▸ YOUR TASK:
Beginning with the first line and ending with the one containing "Soft lavender flowers", copy the lines of the listing below exactly; omit everything else.

= Beginning of Section =

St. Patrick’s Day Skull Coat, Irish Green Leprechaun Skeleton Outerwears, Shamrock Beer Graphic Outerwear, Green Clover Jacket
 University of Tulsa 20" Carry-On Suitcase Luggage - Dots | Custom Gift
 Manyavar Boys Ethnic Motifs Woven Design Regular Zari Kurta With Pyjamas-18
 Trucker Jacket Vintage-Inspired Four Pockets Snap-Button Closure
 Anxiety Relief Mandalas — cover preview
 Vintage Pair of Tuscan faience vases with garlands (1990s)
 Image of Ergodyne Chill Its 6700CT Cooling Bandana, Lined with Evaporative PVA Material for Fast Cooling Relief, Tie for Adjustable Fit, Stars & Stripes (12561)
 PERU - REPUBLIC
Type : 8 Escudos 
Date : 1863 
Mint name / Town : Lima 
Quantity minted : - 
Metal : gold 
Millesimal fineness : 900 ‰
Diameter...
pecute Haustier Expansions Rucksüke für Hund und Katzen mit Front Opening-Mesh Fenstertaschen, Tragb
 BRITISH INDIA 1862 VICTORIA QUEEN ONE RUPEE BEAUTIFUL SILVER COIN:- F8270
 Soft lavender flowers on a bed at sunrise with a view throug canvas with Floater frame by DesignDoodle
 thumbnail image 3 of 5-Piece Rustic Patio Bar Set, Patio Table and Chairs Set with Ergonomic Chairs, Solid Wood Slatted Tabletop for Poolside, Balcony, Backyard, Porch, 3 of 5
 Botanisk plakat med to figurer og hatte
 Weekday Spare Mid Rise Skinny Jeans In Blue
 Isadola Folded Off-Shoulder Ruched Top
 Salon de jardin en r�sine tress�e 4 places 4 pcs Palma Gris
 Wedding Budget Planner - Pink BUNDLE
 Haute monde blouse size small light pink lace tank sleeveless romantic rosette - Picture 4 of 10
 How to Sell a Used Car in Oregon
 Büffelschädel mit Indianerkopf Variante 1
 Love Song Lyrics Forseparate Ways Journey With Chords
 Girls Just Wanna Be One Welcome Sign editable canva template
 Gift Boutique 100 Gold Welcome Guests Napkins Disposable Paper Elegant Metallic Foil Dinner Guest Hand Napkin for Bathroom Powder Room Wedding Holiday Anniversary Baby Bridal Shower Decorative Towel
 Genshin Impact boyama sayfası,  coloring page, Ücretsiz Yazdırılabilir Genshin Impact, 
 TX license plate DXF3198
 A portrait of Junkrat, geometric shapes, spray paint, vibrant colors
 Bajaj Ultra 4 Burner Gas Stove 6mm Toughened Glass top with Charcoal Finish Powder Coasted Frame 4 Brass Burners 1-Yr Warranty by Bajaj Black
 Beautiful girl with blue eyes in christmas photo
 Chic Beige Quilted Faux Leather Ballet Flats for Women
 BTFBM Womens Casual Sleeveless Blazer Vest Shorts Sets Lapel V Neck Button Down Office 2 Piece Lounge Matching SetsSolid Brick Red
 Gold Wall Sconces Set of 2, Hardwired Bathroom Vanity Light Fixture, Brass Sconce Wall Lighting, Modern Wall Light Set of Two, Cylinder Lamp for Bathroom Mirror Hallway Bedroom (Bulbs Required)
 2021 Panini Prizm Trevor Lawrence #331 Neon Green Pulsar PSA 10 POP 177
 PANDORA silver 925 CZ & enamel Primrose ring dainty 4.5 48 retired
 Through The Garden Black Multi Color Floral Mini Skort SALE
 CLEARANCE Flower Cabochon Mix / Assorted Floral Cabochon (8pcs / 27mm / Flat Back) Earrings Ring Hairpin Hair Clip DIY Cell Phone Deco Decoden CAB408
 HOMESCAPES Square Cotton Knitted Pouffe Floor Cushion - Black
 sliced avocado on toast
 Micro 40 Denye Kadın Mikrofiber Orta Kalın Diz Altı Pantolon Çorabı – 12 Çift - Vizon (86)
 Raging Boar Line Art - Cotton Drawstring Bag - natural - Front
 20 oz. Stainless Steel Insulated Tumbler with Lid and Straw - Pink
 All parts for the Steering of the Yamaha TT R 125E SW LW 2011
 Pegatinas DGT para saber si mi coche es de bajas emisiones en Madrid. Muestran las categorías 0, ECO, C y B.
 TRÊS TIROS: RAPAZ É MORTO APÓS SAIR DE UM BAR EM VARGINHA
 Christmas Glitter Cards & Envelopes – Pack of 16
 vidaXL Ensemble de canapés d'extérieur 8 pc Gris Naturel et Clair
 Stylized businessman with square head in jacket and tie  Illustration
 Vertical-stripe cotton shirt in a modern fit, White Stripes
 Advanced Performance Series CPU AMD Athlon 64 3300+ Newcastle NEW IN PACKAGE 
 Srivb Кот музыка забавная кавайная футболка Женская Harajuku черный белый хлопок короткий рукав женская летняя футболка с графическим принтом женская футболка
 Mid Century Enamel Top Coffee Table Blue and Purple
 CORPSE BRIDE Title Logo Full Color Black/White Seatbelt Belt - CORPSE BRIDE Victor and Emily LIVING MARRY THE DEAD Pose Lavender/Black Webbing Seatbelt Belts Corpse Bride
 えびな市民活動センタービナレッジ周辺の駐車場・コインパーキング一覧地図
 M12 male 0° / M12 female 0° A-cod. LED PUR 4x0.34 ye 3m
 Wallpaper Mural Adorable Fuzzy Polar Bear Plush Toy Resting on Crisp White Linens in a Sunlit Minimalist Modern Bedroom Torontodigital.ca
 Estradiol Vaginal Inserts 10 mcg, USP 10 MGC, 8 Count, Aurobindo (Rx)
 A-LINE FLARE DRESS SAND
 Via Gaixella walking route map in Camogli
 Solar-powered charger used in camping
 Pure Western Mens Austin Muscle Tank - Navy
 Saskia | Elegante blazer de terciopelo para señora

= End of Section =

▸ SOLUTION FOR THIS TASK:
St. Patrick’s Day Skull Coat, Irish Green Leprechaun Skeleton Outerwears, Shamrock Beer Graphic Outerwear, Green Clover Jacket
 University of Tulsa 20" Carry-On Suitcase Luggage - Dots | Custom Gift
 Manyavar Boys Ethnic Motifs Woven Design Regular Zari Kurta With Pyjamas-18
 Trucker Jacket Vintage-Inspired Four Pockets Snap-Button Closure
 Anxiety Relief Mandalas — cover preview
 Vintage Pair of Tuscan faience vases with garlands (1990s)
 Image of Ergodyne Chill Its 6700CT Cooling Bandana, Lined with Evaporative PVA Material for Fast Cooling Relief, Tie for Adjustable Fit, Stars & Stripes (12561)
 PERU - REPUBLIC
Type : 8 Escudos 
Date : 1863 
Mint name / Town : Lima 
Quantity minted : - 
Metal : gold 
Millesimal fineness : 900 ‰
Diameter...
pecute Haustier Expansions Rucksüke für Hund und Katzen mit Front Opening-Mesh Fenstertaschen, Tragb
 BRITISH INDIA 1862 VICTORIA QUEEN ONE RUPEE BEAUTIFUL SILVER COIN:- F8270
 Soft lavender flowers on a bed at sunrise with a view throug canvas with Floater frame by DesignDoodle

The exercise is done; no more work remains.